Hello Folks…any help greatly appreciated…I am trying to incorporate a click track into a mogg files that I import into Audacity. I see how to create the click track, but I am wondering if most mogg files that you guys have worked with if the spedd of the tracks are at a consistent bpm. lets say for example (mogg files from guitar hero)
I am having a heck of a time accomplishing this? any help greatly appreciated
Regards

Can you explain more what you are trying to do. Are you trying to mix a click track with the files?

Is the problem that the files are not at a constant BPM? Are they getting faster or slower gradually?


Gale

Hello any detail or step by step instruction would be greatly appreciated .

I am trying to add a click track to a mogg file.

The tempo of the song is not consistent and drifts. I have only just heard of a procedure called tempo mapping in which you tap out the song the move pieces of the song to match the click. This is a procedure in Reaper which I have never used.

Does Audacity support a simple way of tempo mapping ? and if there is a step by step youtube tutorial or if you can explain how to do it would be forever appreciated

Regards
Robin

Yes Gale that is exactly correct. The BPM drifts. And I have heard there is a way to match a click to this somehow but I am at a loos on how to do it

I’ve merged your other topic with this one as it is essentially the same question.

Audacity does not have tempo mapping, though there are some plug-ins that can attempt to detect beats and tempo. Those plug-ins tend to work best with music that has a strong beat.

Creating a click track to an irregular beat is tricky, even with programs that have tempo mapping and beat detection built in.

Tempo maps are generally used the other way round. You start with some music that has strict tempo, then use a tempo map to shift the tempo. Some programs (not Audacity) can attempt to pick out the rhythm/tempo from one track and apply it to another track. I’ve not done that sort of thing for a few years, so technology may have moved on, but I always found that process to be rather hit and miss. It would work reasonably well if the two tracks were very similar and both had strong beats, but more difficult material would often fail miserably.

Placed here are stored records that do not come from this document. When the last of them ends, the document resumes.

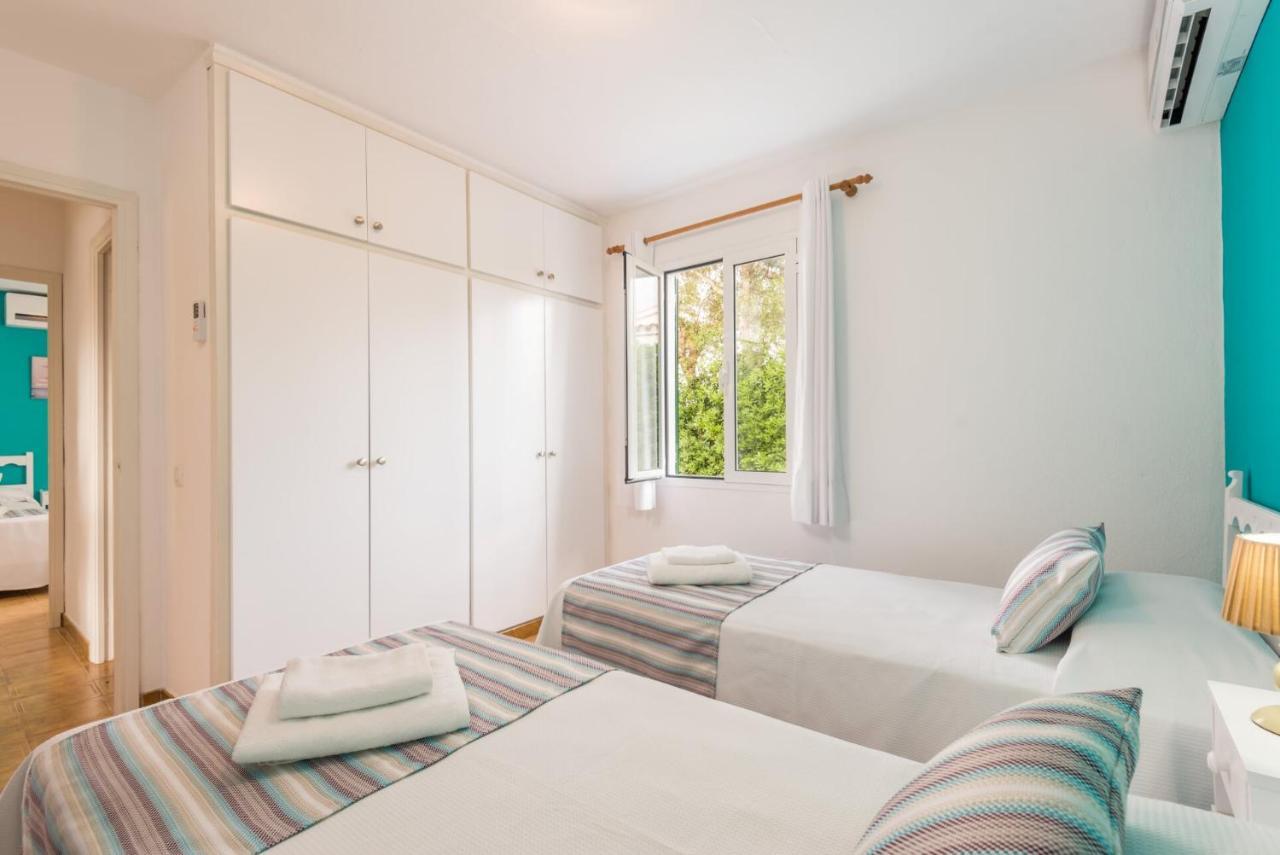 Villas Isi & Ana Mestral Cala'N Blanes  Eksteriør bilde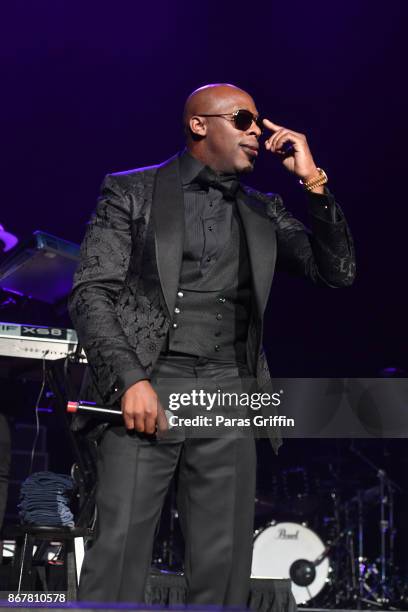 Joe Rnb 334 Joe Rb Singer Stock Photos, High-Res Pictures, and Images - Getty ...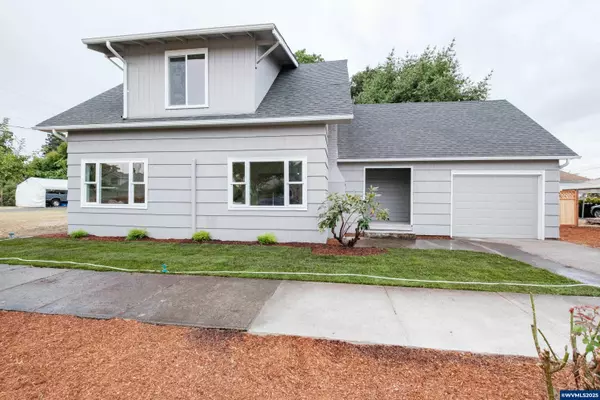 340 Moore St, Harrisburg, OR 97446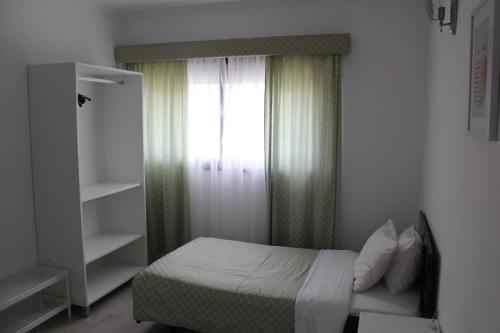 Hostal Residencial Tropic�lia Al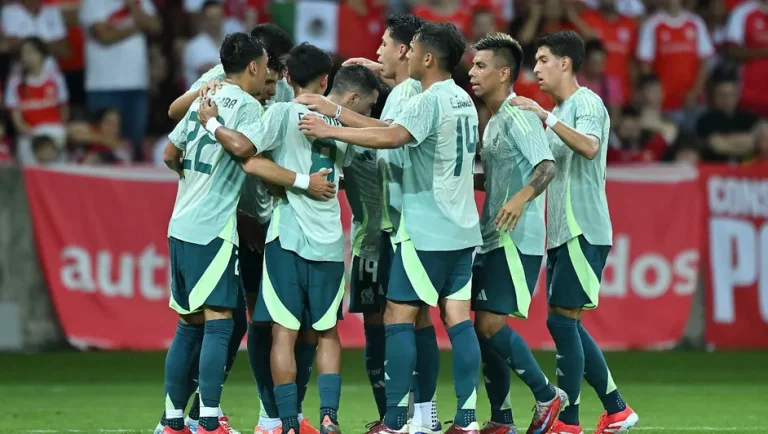 Selección mexicana hizo frente al Inter de Porto Alegre en Brasil obteniendo la victoria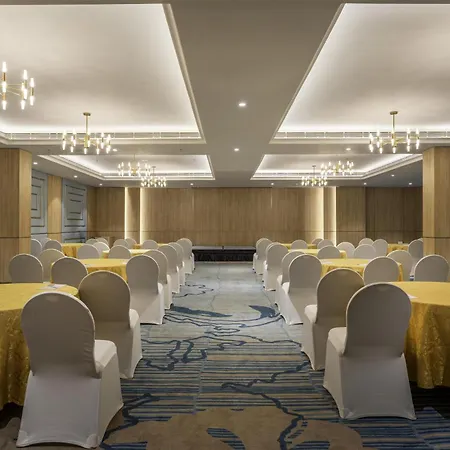 Park Inn & Suites By Radisson Thrissur East Fort-2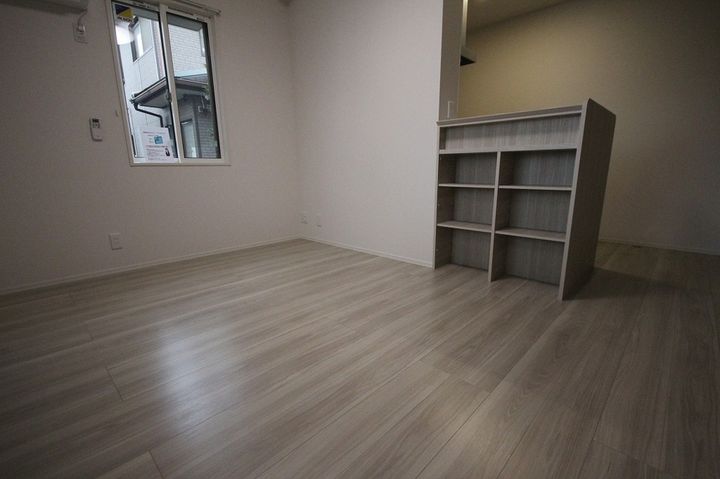 D-residence曙町1丁目102の居間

We may be able to be more helpful if you tell us a bit more about this project. What type of music is it? Does it have a strong beat? Why do you want to add a click track?

Thank you for the quick response.

We are a band and I use tracks for keyboards etc.

lets say I have a mogg of a song. they never played the song to a click track and thus the tempo fluctuates. What I do is import the mogg which separates all of the instruments.
I now want to add a click track to this song. Once that is done I move the click to the left channel and music to the right channel. I then delete all other instruments I don’t need.

I will now have the keyboards going in time to a click.

The click is used for the drummer to keep time so we can now play to the music track

I hope that makes sense

Thank you again

Is the tempo supposed to fluctuate, or is that just because (dare I say) ‘someone’ can’t hold a steady tempo?

If the former, then I think that the best way would be to create a click track manually - in fact, the best person for that job would probably be the drummer.

If the latter, then you may do better to just work out the average tempo (count the beats, then divide by the duration in seconds, then multiply by 60 for bpm), then generate a regular click track at that tempo.